US jokes
Why did the topless woman shout, "Stop raping us?"
Because she was uneducated.
What do you call someone who used to kill people? An ex-executioner.
Little Johnny was getting beaten up by two kids, so I came and helped.
He won’t stand against the three of us!
Q: What's the difference between Jesus and a picture?
A: One uses one nail to hang.
Men should provide their disobedient daughters with their own "milk" instead of letting them use the mother. That will teach those bitches some respect for men. It may even help them get laid later on in life.
Memes
What does Germany and the rest of the world have in common?
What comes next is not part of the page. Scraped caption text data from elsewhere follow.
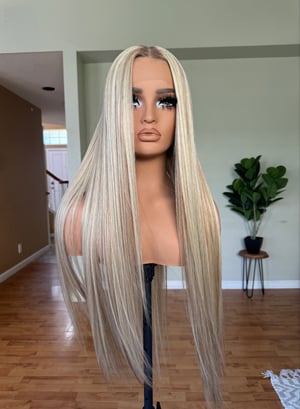 Image of Highlights blonde luxury (ready to ship)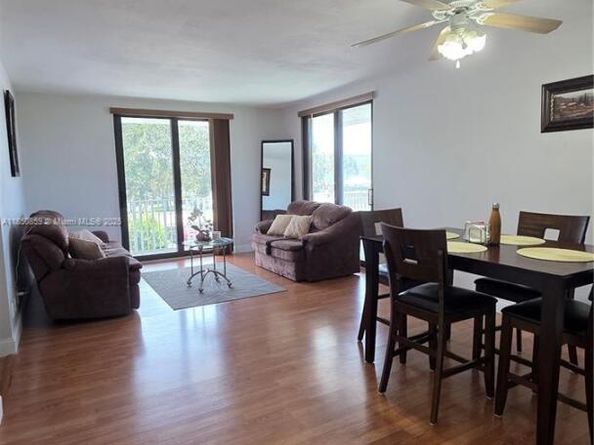 901 Hillcrest Dr 215, Hollywood FL 33021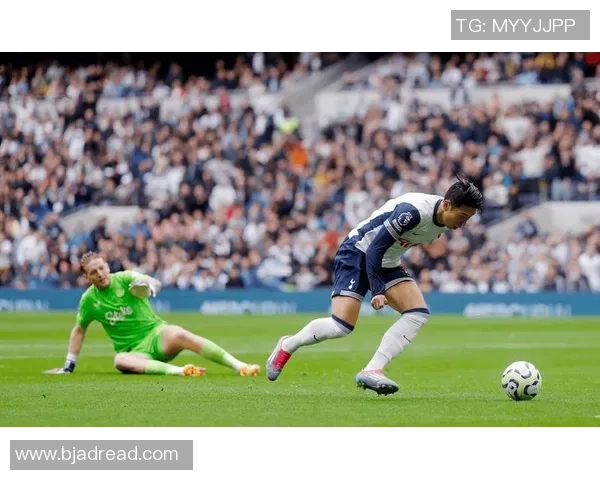 人品问题频发的足球明星盘点与背后故事分析 人品问题频发的足球明星盘点与背后故事分析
They both use gases to poison one thing or another.
Among Us players after saying "Self Report!" to the police officers who find a dead body in their basement.
One day a guy named Carson is called a jerk, and he says, "I went to a party with my girlfriend, and this random guy walks up to us and says, 'Can I borrow your girlfriend for 30 minutes?' I say yes, and he takes her upstairs. It was not only 30 minutes, but an hour. When she came back down, she was out of breath, so I knew it was a pretty intense conversation." This happens about 3 more times that night.
But as I was saying, only a nice guy would let his girlfriend make friends with other guys. 😊😇
My friend had this annoying little kid that always used to yell and scream when he didn't get what he wanted. I told my friend there's a new attraction a few states away he could take him to.
Confused, my friend asked me what it was. I told him, "The Sandy Hook Experience: Where you come in and leave with a 'hole' lot of fun."
Vegan Teacher the musical.
Miss Kadie - "Oh no, you poor dead animal!"
Mr. Beast- 🎶 "You're a dumb Communist, Miss Kadie" 🎶
Chandler-🎵 "Yup, you're one high fluting son of a gun" 🎵
Mr. Beast- 🎵 "I just gobbled up a quadruple patty from my restaurant" 🎵
Miss Kadie - 🎵 "Don't hurt animals kids, do you want to be a vegans 'R' us kid?" 🎵
Kids- 🎵 "We've had enough of your problems, Miss Kadie, you're such a commie!"
Miss Kadie - 🎵 "I just want to die because I'm so sad!"
- Miss Kadie jumps off Mr. Beast Burger and commits suicide.
Three nuns died in a car crash. They went up to heaven at the pearly gates. The gatekeeper said, "This really should not have happened, so I am going to send you back to earth as different people. Tell me who you want to be or look like." The first nun said, "I want to look like Madonna." Puff, you look like her now, but you can’t use her name. And sent her down to earth. The second one said, "I want to look like Marilyn Monroe." He then makes her look like her and sends her down to earth. The third nun said, "I want to look like Sarah Pipalini." The gatekeeper says to her, "Sarah Pipalini, who is that?" She gives the gatekeeper a newspaper article. He reads it, shakes his head no, and says, "It’s not Sarah Pipalini, it's Sahara pipeline laid by 500 men."
Why can’t orphans use computers?
Because they don’t have a homepage.
My dad, unfortunately, passed away when we couldn’t remember his blood type...
His last words to us were, “Be positive!”
A man gets captured by cannibals.
Every day they poke him with spears and use his blood to wash down their food. Finally the guy calls the chief over and says, "You can kill me or you can eat me, but I'm tired of getting stuck for drinks."
What brand of paint did Michael Jackson use to paint Neverland Ranch?
Dutch Boy.
Jack and Jill went up the hill so they could fuck in the water. But Jack forgot to use protection and now they have a daughter.
Why did Stephen Hawking and his wife stop playing hide and seek? She kept using a metal detector.
Riddles not jokes.
What has 4 legs but cannot walk?
What has bark but no bite?
There's a one-story house in which everything is orange. Orange walls, orange doors, orange furniture. What color are the stairs?
What has holes but can carry water?
What is in front of you, but cannot be seen?
What is something you have inside you that is pink, but cannot be seen?
What can you catch but not throw?
And last one:
What can rule, but not command?
Tell me the answers in the comments.
Like 90% of this was from this link: https://parade.com/947956/parade/riddles/
One more thing: Don't google it or search it up, use your brain to answer these.
Don't use Head and Shoulders, just use Head; otherwise, you'll end up in the retarded situation Stephen Hawking went through.
"Among Us" is a game (Skeld) where there is an imposter trying to hijack the ship and kill everyone. Does this sound similar to September 11, 2001?